Sheriff Green's Foreclosure Machine

There is a foreclosure crisis in Philadelphia, with more than 500 homes lost a month. And the public official who sells those houses, Philadelphia Sheriff John Green, is partly to blame.

Green, say advocates from the Philadelphia Unemployment Project and Community Legal Services, is extracting unnecessary fees from destitute homeowners. Fees that must be paid before lenders will accept further payments. And most of these fees—about $1,000 of a total of $1,700—are spent on advertising.

By law the sheriff must advertise in only two newspapers: the Legal Intelligencer, and in one newspaper of general circulation—which in Philly are the Daily News, the Inquirer and the Philadelphia Tribune.

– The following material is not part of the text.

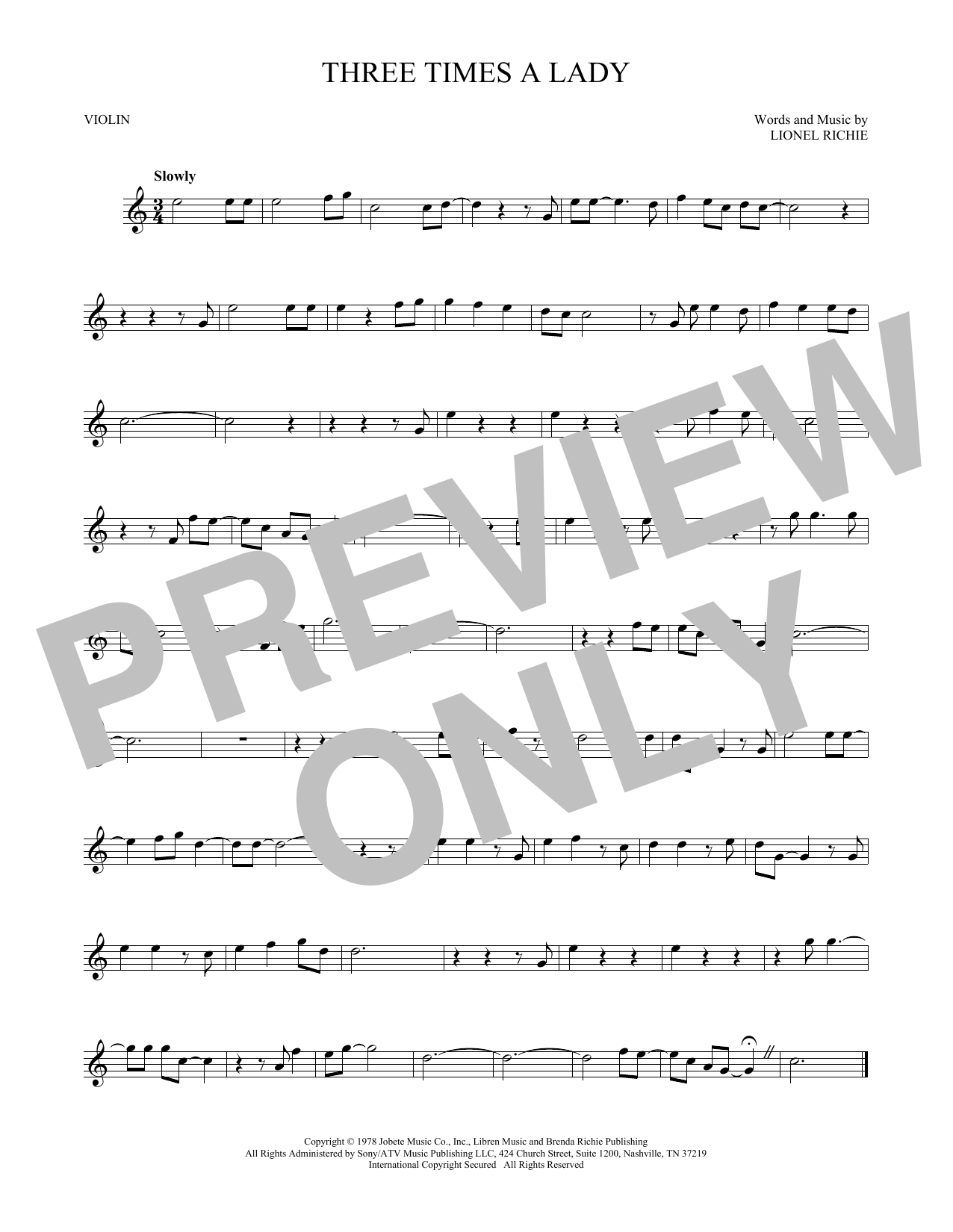 Commodores Three Times A Lady sheet music notes and chords. Download Printable PDF.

But for reasons of his own, Sheriff Green places far more advertising in many more newspapers than the law requires. If the sheriff followed the law, homeless advocates say, the advertising tab would only be $420. As it now stands, to stop a foreclosure homeowners must pay $1,000 in advance for advertising that they hope will never run.

That additional $580 is being spent needlessly. As Irv Ackelsberg, a housing advocate lawyer puts it, "Some have the belief that it is more important to maintain revenue streams for the various advertising pages, rather than minimizing the expense of a sheriff sale—even if this revenue is being drained from our neighbors who are facing loss of their homes."

It's hard to know how much of poor people's money Green is spending; Green declined my request for specific numbers. Besides, good numbers are hard to get. A 2003 city audit found that Green's office was in such disarray that fiscal data could "not be meaningfully analyzed," and that millions of dollars were "susceptible" to theft.

Still, using the most conservative estimates from homeless advocates, let's assume that the sheriff advertises 500 new foreclosures every month. At $1,000 a home, that's half-a-million a month, or about $6 million a year. But only about $2.5 million is needed to meet the legal advertising requirements.

Where does the rest of the $3.5 million go? The sheriff says he places additional advertising in smaller newspapers to reach a wider audience. But when I asked both Sheriff Green and the Reach Communications advertising agency for a list of papers they use that don't meet the legal requirements, they declined. (It should be noted that the Reach agency reportedly collects a commission of 15 percent on all the sheriff's advertising. And that one of Reach's owners, Jim Cassell—who died last year—was Green's campaign treasurer in 1999.)

Jim Tayoun, publisher of the Philadelphia Public Record, receives pages of redundant advertising from the sheriff, and is the most vocal of Green's defenders. Tayoun recently ran a front page story condemning a new court rule that shortens the size of individual classified ads, saving homeowners some 35 percent. The reduction was supported by lawyers for both homeowners and lenders. Even the sheriff supported this reduction publicly, though Tayoun contends that the reduction will cause confusion.

Tayoun also staunchly defends the sheriff's largess to smaller newspapers, parroting Green's claim that additional advertising will ultimately benefit the homeowner—after he's lost his house. By reaching people who don't read the dailies, reasons Green, the house will sell for more. Theoretically, then, the former homeowner would get more in the end (presuming, of course, the sheriff returns what's left over). I asked Green for any evidence to support this claim, but Green declined.

The Philadelphia Sun, published by Jerry Mondesire, also benefits from the sheriff's additional advertising. Mondesire, who also heads the local NAACP, declined comment on the sheriff's advertising policies, saying, "Hell no, this is a private matter."

I'm sorry, Mr. Mondesire, it is a public matter when, in my opinion, a sheriff takes money from the city's poorest to pay for something that's neither necessary nor useful. Poor people are losing their homes daily, in part, because a sheriff whose finances are out of control is spending millions of dollars that come from the pockets of thousands of destitute homeowners.